Das zeigt, dass die Forderungen der LINKEN nach vergünstigten Tickets für Menschen mit geringen Einkommen wirken. Leider sind Sie aber nicht den Weg wie in Berlin gegangen. Da kostet das Ticket 9 €; bei Ihnen sind es noch immer 31 €. Frau Walther, wenn Sie beim Bürgergeld von einem Budget von 40 € oder 45 € für Mobilität sprechen, haben Sie dabei leider vergessen, dass dieses Budget nicht voll ausgeschöpft werden kann – aufgrund der immensen Preissteigerungen, die die Menschen zu ertragen haben, und weil das Bürgergeld noch immer nicht zum Leben reicht. Menschen mit geringem Einkommen brauchen die finanziellen Mittel auch für andere Sachen. Deswegen würde ich diese Zahlen als Faktor nicht heranziehen. Auch 31 € pro Monat im Abo sind noch immer zu viel Geld. Deswegen brauchen wir den Nulltarif – auch für Menschen mit geringem Einkommen.

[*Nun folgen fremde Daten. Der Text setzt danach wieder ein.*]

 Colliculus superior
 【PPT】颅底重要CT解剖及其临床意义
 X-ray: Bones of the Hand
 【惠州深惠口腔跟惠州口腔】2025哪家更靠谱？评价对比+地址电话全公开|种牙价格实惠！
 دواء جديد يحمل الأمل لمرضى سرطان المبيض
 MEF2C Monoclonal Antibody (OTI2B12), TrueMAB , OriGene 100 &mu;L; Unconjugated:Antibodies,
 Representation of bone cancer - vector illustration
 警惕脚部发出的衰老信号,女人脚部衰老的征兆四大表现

Dass das Land mit Blick auf die Reaktivierung von Bahnstrecken – ich komme zum Schluss, Herr Präsident –, einfach die Verantwortung den Kommunen belässt und sich einen schlanken Fuß macht, ist zu wenig. Deswegen haben wir zwei konkrete Bahnstrecken zur Reaktivierung vorgelegt. Stimmen Sie unseren Anträgen zu. – Vielen Dank.